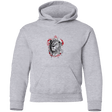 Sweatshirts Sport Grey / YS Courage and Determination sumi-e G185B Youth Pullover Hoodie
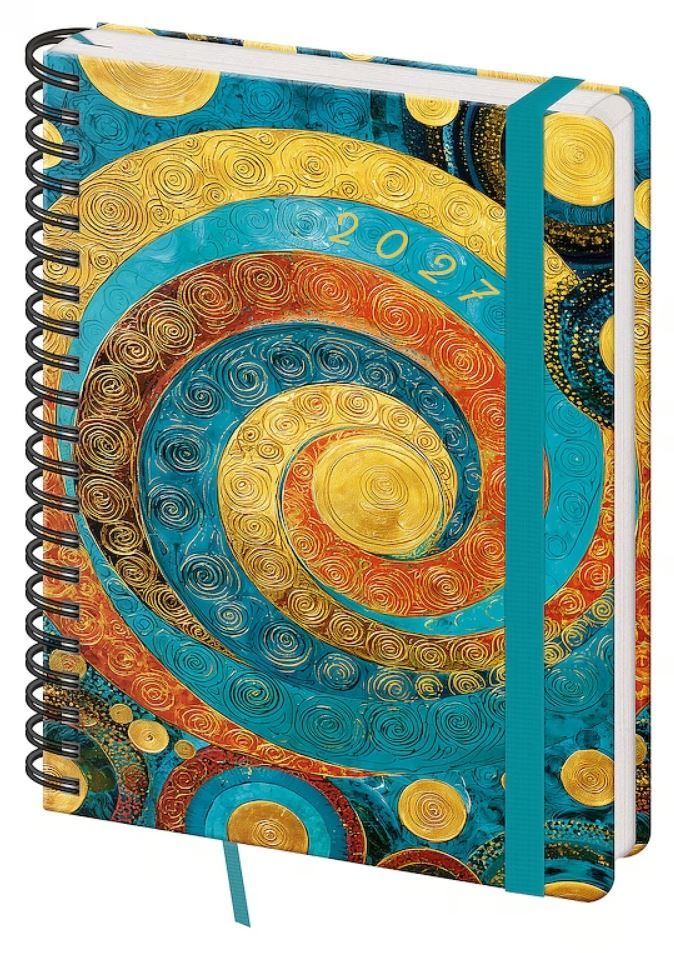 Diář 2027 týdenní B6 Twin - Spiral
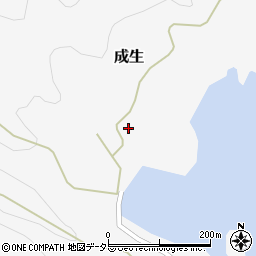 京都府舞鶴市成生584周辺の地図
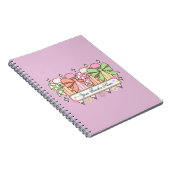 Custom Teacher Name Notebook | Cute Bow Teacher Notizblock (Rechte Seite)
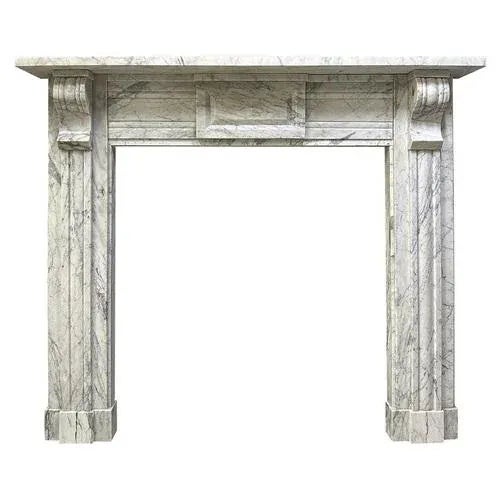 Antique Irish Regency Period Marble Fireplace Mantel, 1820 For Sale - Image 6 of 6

──────────────────────────────

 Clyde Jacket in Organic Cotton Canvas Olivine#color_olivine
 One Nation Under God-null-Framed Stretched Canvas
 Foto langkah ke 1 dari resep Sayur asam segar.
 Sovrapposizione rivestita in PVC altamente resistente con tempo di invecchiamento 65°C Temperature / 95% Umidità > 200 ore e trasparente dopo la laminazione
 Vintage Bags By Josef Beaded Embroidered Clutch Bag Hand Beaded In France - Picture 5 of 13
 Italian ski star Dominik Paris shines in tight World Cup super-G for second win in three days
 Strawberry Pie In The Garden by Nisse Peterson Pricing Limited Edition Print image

──────────────────────────────

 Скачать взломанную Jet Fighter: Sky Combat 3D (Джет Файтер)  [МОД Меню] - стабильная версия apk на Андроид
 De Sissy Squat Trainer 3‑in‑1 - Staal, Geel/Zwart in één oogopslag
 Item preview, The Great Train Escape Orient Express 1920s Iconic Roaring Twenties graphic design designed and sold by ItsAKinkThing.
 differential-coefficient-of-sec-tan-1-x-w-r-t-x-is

──────────────────────────────

» **WHAT YOU SHOULD DO**: All that is wanted is the stretch of lines above from the one containing "Sovrapposizione rivestita in" through the one containing "Strawberry Pie In", duplicated exactly.

» **TASK ANSWER**:
 Sovrapposizione rivestita in PVC altamente resistente con tempo di invecchiamento 65°C Temperature / 95% Umidità > 200 ore e trasparente dopo la laminazione
 Vintage Bags By Josef Beaded Embroidered Clutch Bag Hand Beaded In France - Picture 5 of 13
 Italian ski star Dominik Paris shines in tight World Cup super-G for second win in three days
 Strawberry Pie In The Garden by Nisse Peterson Pricing Limited Edition Print image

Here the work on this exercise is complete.